Disappears worked with Steve Shelley and you guys pulled in Thurston Moore for Twilight (a black metal super-group whose third album is expected out early 2013). What local band is [Sonic Youth's] Kim Gordon going to join?
[Laughs] I have no idea. It'd be funny if she got involved with somebody though. The whole Sonic Youth thing is crazy.
Have you been in the studio with Thurston yet?
Yeah, we recorded the album in August. Ironically my wife chose to walk out on me three days before I started that session. That's the last time I had a slip, so to speak. I completely lost my mind there for about a week...and fell back into a lot of things I shouldn't have fallen back into. I pulled myself out of it quickly and got my head out of my ass within a couple days. Thurston's contribution is neat because he didn't change anything about how he plays. He didn't try to become a black metal musician for this record. What I can say about it is there's nothing in the world that sounds like it.
A handful of metal blogs posted a screen cap of what looked like an animated version of you doing coke on an episode of "Family Guy." Is this something you were aware of?

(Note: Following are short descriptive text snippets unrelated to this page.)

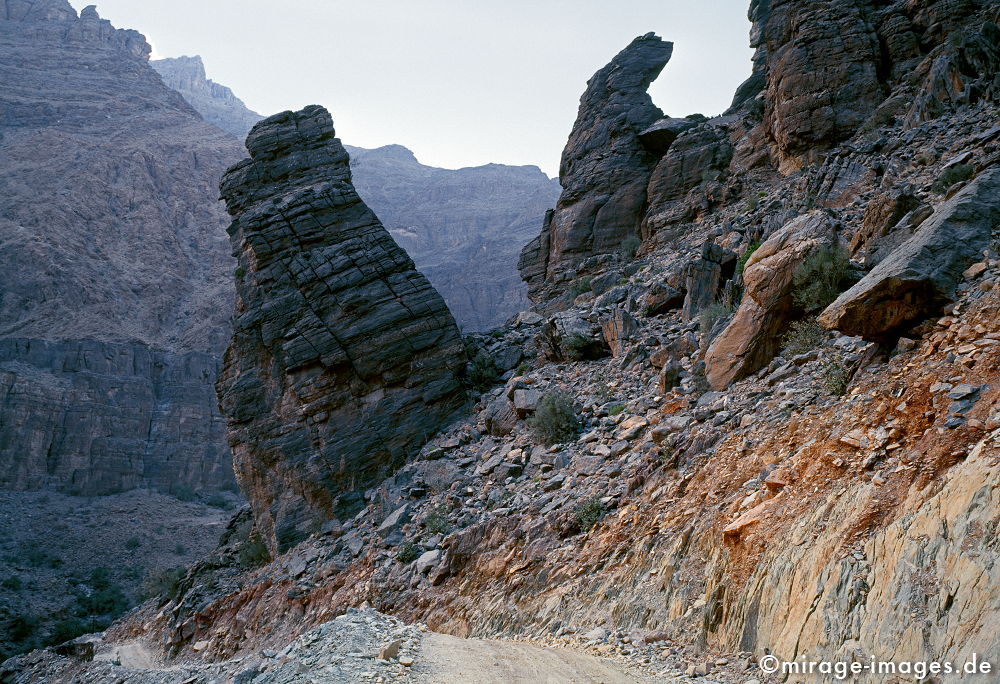 Wild Mountains
Jabal Shams
Schlüsselwörter: Stein, Schlucht, Berg, Felsen, Einsamkeit, einsam, schroff, ruhig, friedlich, Frieden, Ruhe, Stille, schön, Schönheit, spektakulär, schroff, rauh, unberührt, ursprünglich, überleben, Karst, Gebirge, Ödland, abgeschieden, menschenleer, Geologie, Str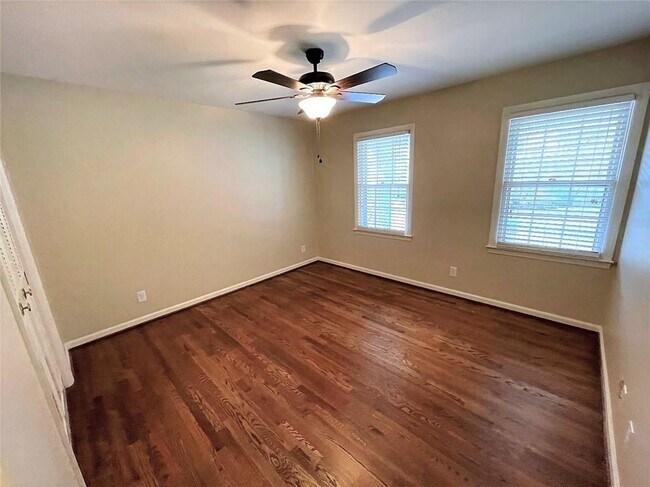 Building Photo - 1150 Falstaff Dr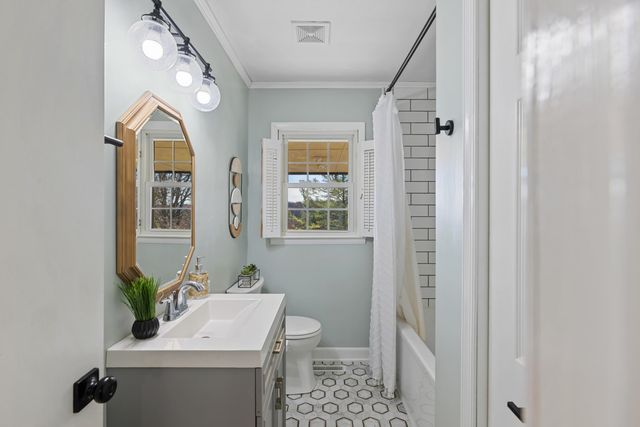 582 HILLTOP DR, Staunton, VA 24401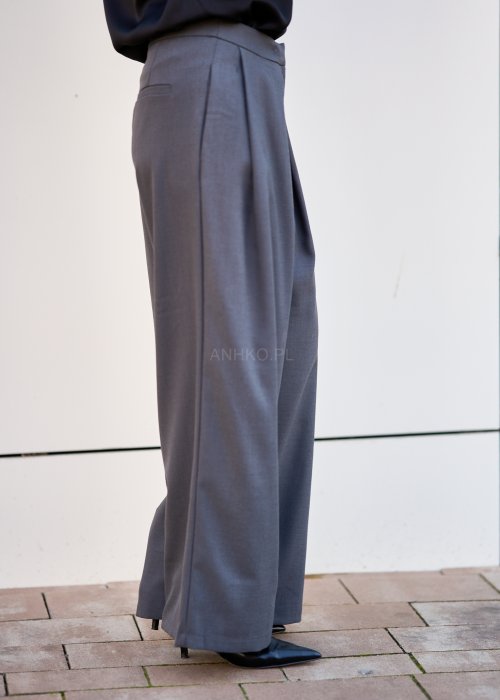 Szare spodnie z miękkiej tkaniny, szeroka nogawka, wysoki stan i klasyczny, elegancki fason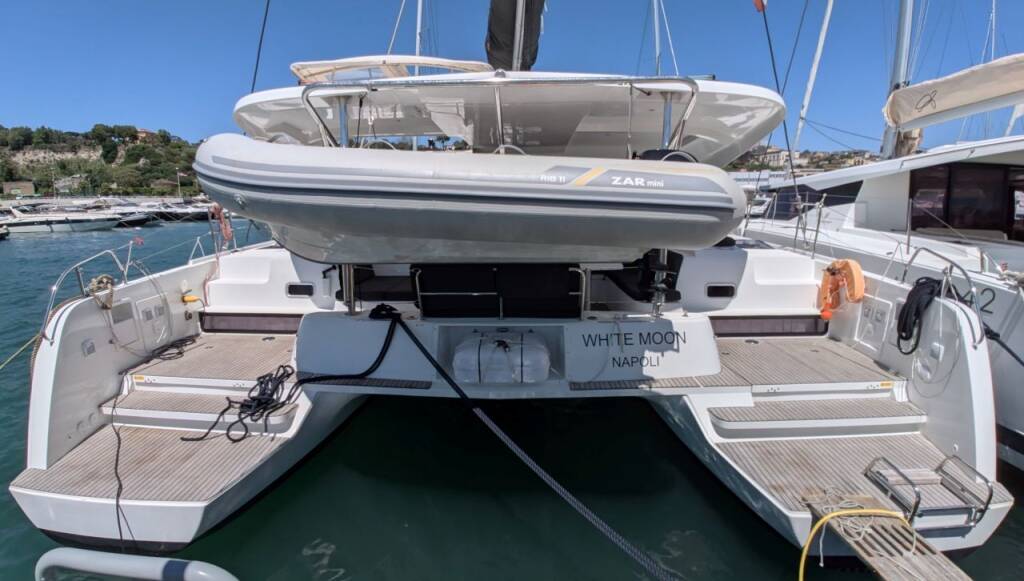 Lagoon 42, MIRRA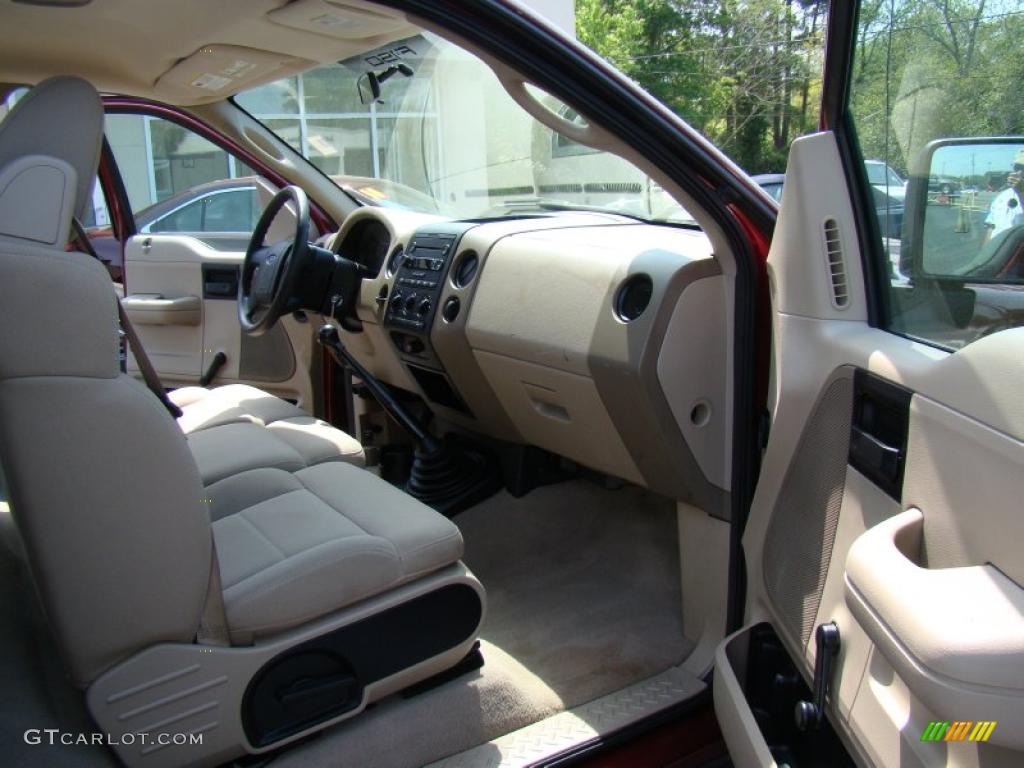 2006 F150 XL Regular Cab - Dark Toreador Red Metallic / Tan photo #12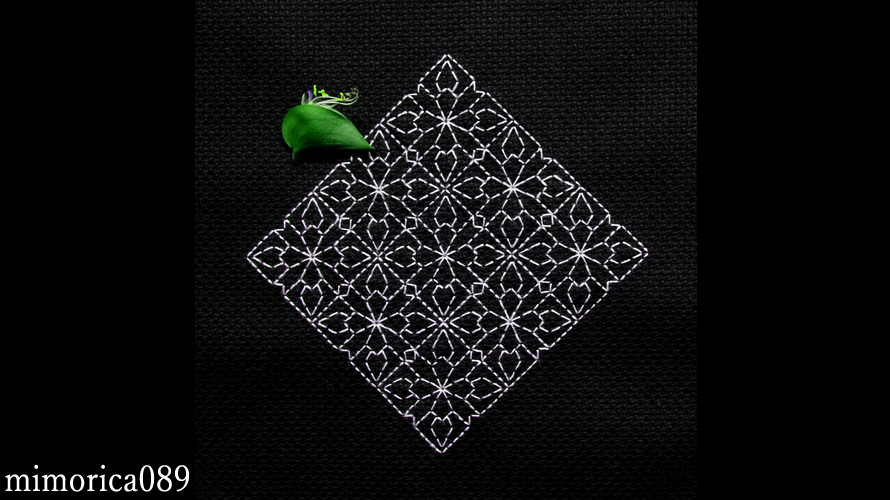 花の刺繍の幾何学模様 Geometric pattern of flowers embroidery.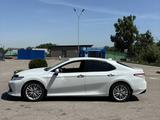 Toyota Camry 2018 года за 11 500 000 тг. в Алматы – фото 2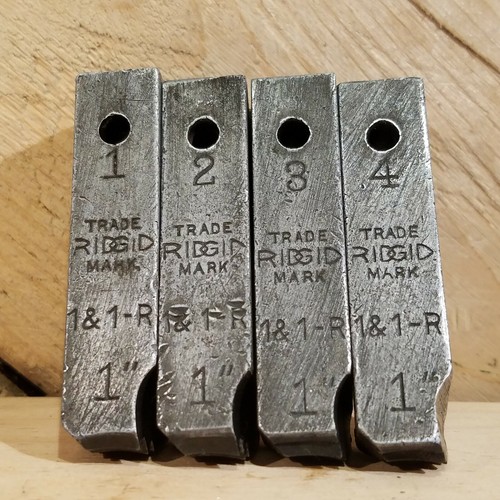 Juego de troqueles de rosca de tubo Ridgid 1" 1 y 1 R Swanky Barn - Imagen 1 de 12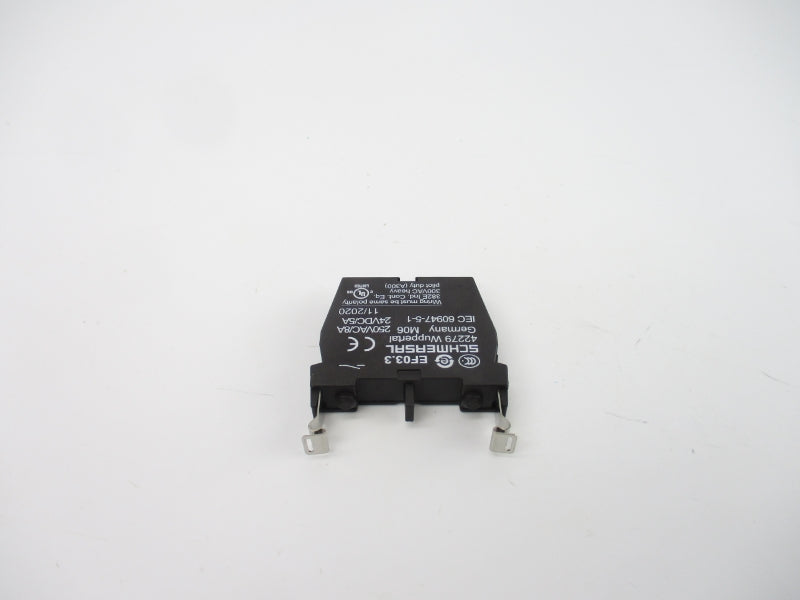 SCHMERSAL EF03.3 250VAC 8A NSNP
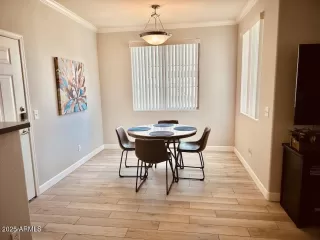 Photo #5: 6847027 Listing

I know about the "Family Guy" thing. I don't know if that's actually supposed to be me or not, but it is a pretty striking resemblance. I've been surprised before by the people that like or are aware of this band. Guns N' Roses management contacted us saying Axl Rose wanted Nachtmystium T-shirts to wear in press photos and it was like, "What?" We've never actually contacted the "Family Guy" office and asked, "Is that Blake Judd from Nachtmystium?" But it sure looks an awful lot like me...and I certainly spent plenty of time in Los Angeles snorting cocaine when I was younger. Again, I've got a ways to go until I can shake that [addict] stigma, and I know it. It's a struggle everyday. But what am I going to do? Give in and be defeated by it and let it ruin my life more than it already has? Absolutely not.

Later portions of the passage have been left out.